View Full Version : Support of Special Unicode Characters?

03-26-2013, 03:52 AM
First, please accept my apologize, because this is a bit off-topic, as I am not a Sigil user (and won't be, because I prefer to use XML+XSLT to create EPUBs).

But the Sigil forum was recommended to me as a first reaction to my original post, because a lot of EPUB creators are participating here.
In the (EPUB) e-books I create, I need support of ligatures (and the contrary, the "non-joining of glyphs"). However, I am quite desperate because my impression is that...:
-- either I am doing something completely wrong, or...
-- the support of the related OpenType features is simply non-existent, when it comes to recent mobile e-book devices.

In particular:
I am wondering whether/how it is possible to have Unicode characters like ZWNJ (U+200C) correctly "displayed" by e-book devices/software, when these appear in EPUB documents. (Just for completeness: "My" EPUBs look fine when using PC software like e.g. the Calibre preview!)

I am currently doing some tests on my Pocketbook Touch and also tried a Sony reader, and I get the impression that all EPUB software there simply ignores this character. (That means: All ligatures are automatically built, just like defined within the embedded OTF font, but they are also built at places where they must not appear (although being separated by ZWNJ from each other).)

Anyone else here in this forum interested in "Typography and EPUB"?
Can someone...
--- confirm or deny this typography problem?
--- tell me [if my impression is correct] whether this is an unchangeable fact that I simply have to accept (for the time being), or is there anything I can do?

The only trick that seems to come somewhat near to what there should be is to use U+200A (Hair Space) instead, because it prevents a ligature being built from the glyphs left and right to this character. But the downside of it is that a "Hair Space" allows a line-break, which no-one wants within a word, of course. I haven't found the time yet to test characters like U+2060 ("Word Joiner") or similar. But probably it's pointless anyway to check all the endless ranges of Unicode characters, because ZWNJ is the officially declared candidate for this purpose.

Maybe some other ideas?

Thanks for your efforts!

03-26-2013, 04:17 AM
Almost all knowledgable people linger in multiple groups, so you really should have posted this in the ePUB forum instead of the Sigil forum.
Now, with regards to your questions.
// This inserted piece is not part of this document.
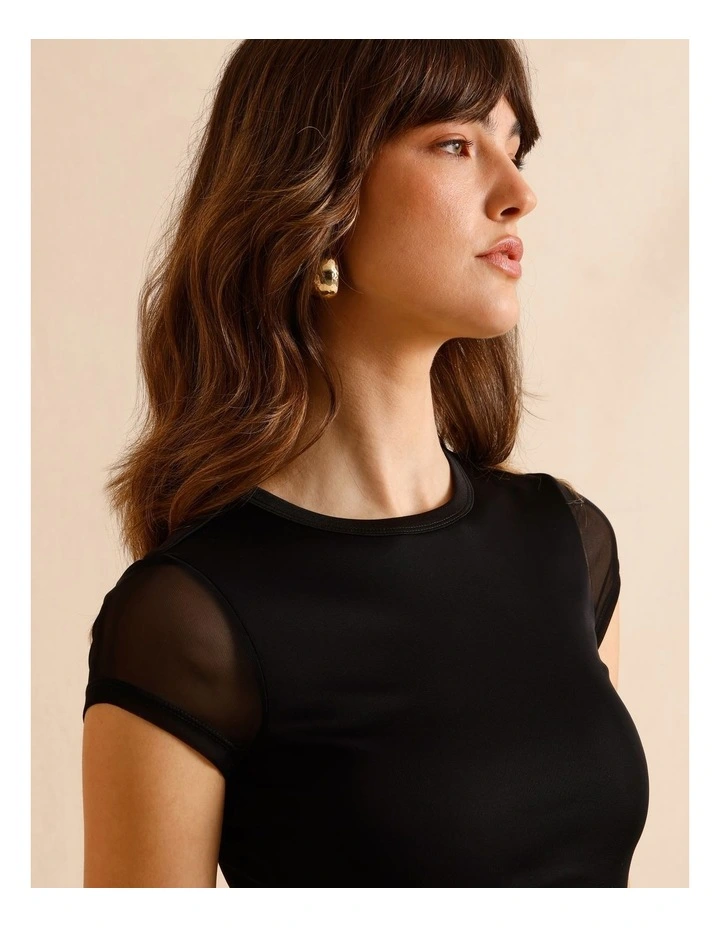 Mesh Baby Tee in Black image 5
The support of ligatures is dependent of the reader device. The older devices will not be able to handle it, since the ligature characters are not part of the font of the readers. The only way to have the ligatures in the old devices, is to embed a font with the ligatures.
That being said, the readers that support ligatures also have the tendency to create ligatures when the characters are next to each other. I believe the Sony does that and the reasoning is that it is better read experience for the reader. I think that for some readers you are able to turn it off.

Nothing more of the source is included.